- Exercise objective
An exact copy of every entry is required, minus the pictures.

━━━━━ Information given

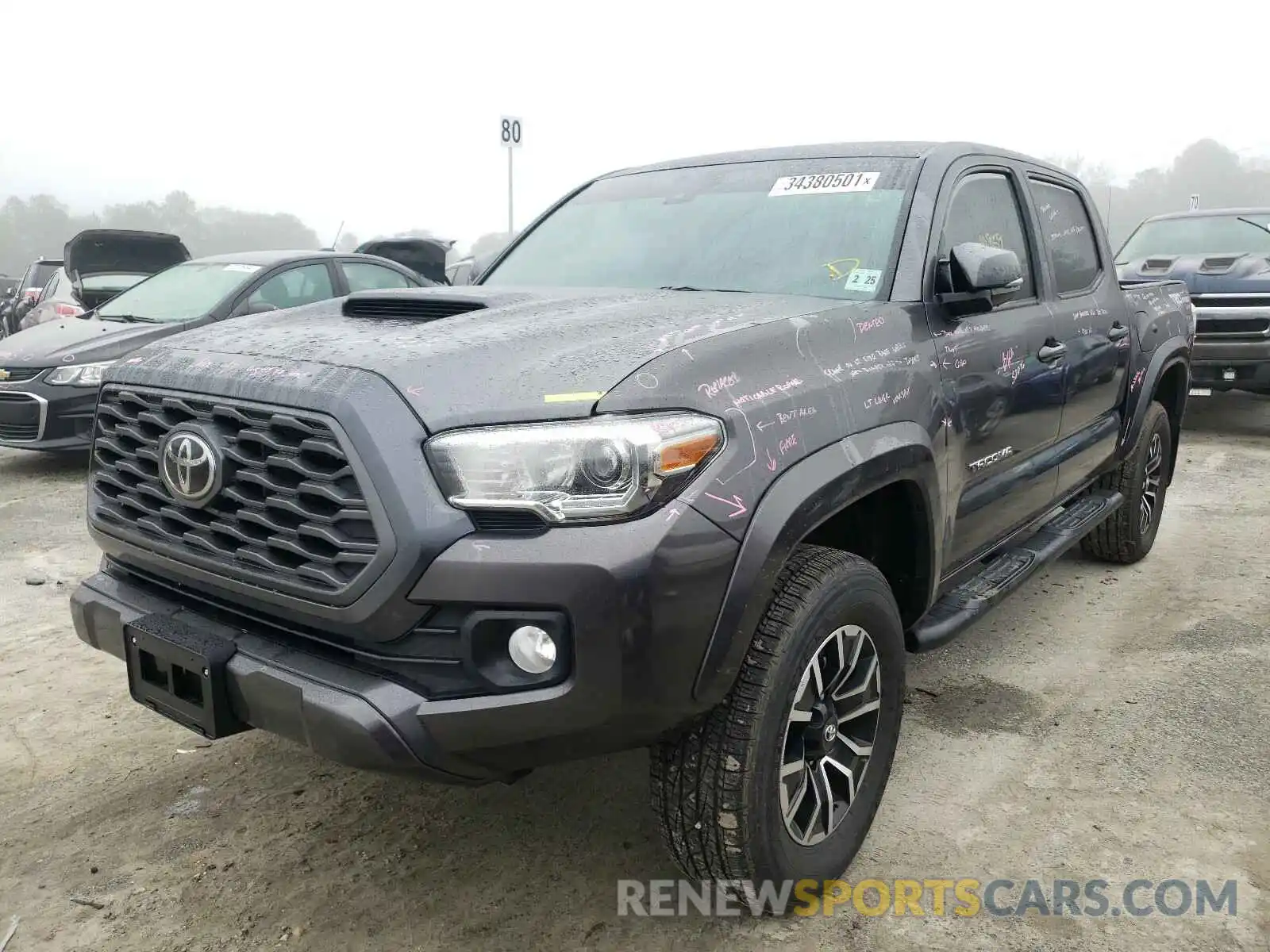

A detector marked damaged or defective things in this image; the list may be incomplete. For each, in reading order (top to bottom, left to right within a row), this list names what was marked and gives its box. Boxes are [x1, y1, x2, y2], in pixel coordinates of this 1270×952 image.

damaged vehicle [19, 230, 191, 332]
damaged vehicle [0, 246, 435, 454]
damaged vehicle [1118, 208, 1264, 398]
damaged vehicle [75, 140, 1194, 882]
missing front license plate [125, 612, 249, 739]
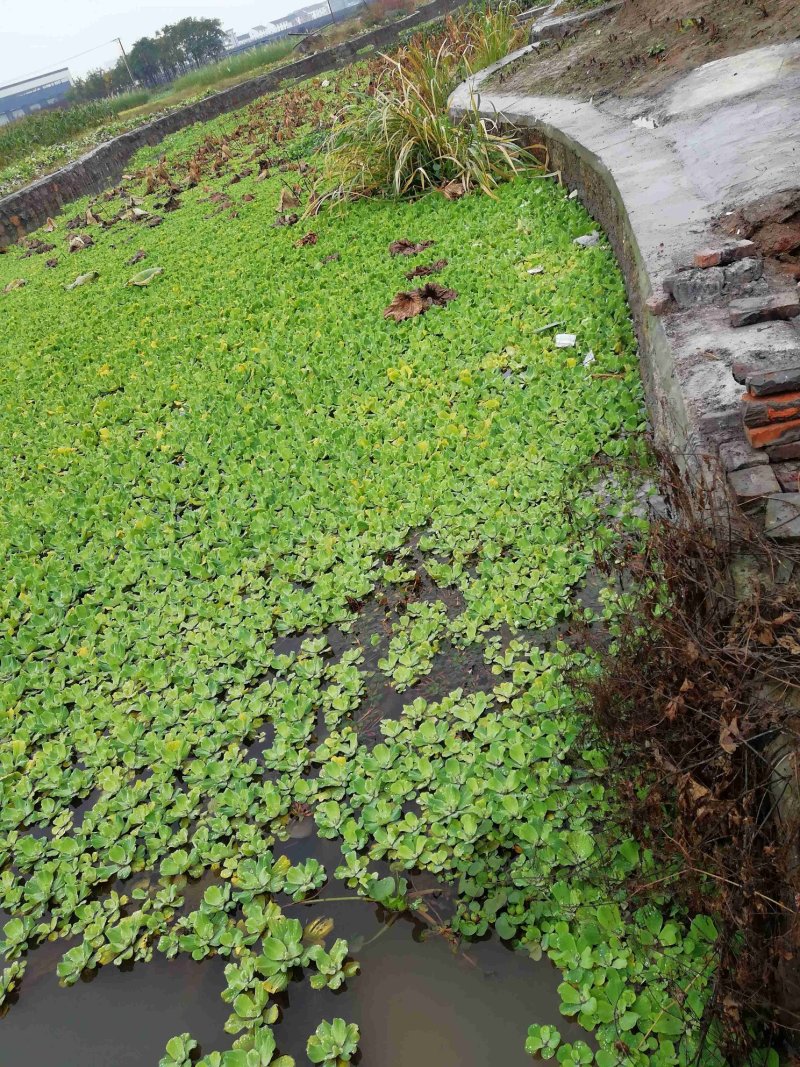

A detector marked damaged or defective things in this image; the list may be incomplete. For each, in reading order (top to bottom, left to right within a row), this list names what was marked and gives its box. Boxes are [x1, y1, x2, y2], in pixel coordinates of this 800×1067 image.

broken brick fragment [695, 240, 759, 268]
broken brick fragment [733, 294, 800, 326]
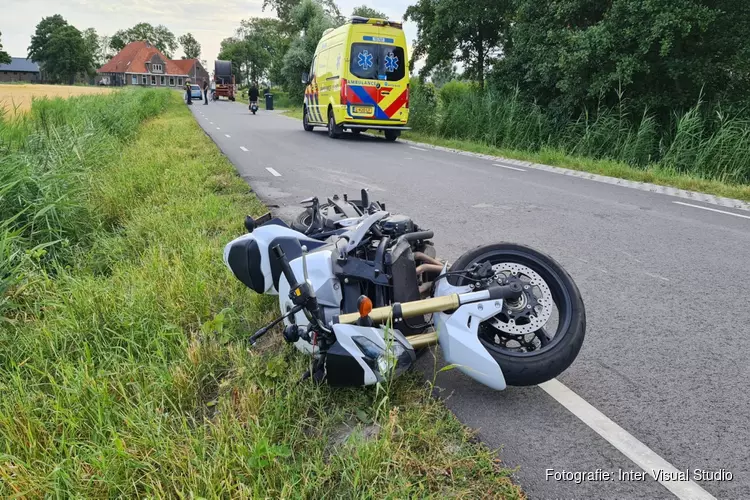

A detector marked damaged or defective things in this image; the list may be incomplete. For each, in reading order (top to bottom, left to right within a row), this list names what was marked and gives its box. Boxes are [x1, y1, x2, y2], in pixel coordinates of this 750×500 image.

━━━━━━━━━━

- Solution for this problem
A detector marked damaged or defective things in this image; the list may be incomplete. For each, in reading order (top to bottom, left to right within a row), this list names what was marked and gives its box. Boxes are [x1, y1, x2, y2], in pixel coordinates of this 1270×952 image.

damaged vehicle [19, 230, 191, 332]
damaged vehicle [0, 246, 435, 454]
damaged vehicle [1118, 208, 1264, 398]
damaged vehicle [75, 140, 1194, 882]
missing front license plate [125, 612, 249, 739]

A detector marked damaged or defective things in this image; the list may be incomplete. For each, in reading order (top to bottom, left to right within a row), this list names what was marked and gives its box. Boxes are [x1, y1, x2, y2], in pixel coordinates of this 800×1067 image.

broken brick fragment [695, 240, 759, 268]
broken brick fragment [733, 294, 800, 326]

A detector marked damaged or defective things in this image; the list may be incomplete. For each, in reading order (top to bottom, left to right within a row), this list names what was marked and gives its box. Boxes are [x1, y1, x2, y2], in pixel coordinates of this 750×500 image.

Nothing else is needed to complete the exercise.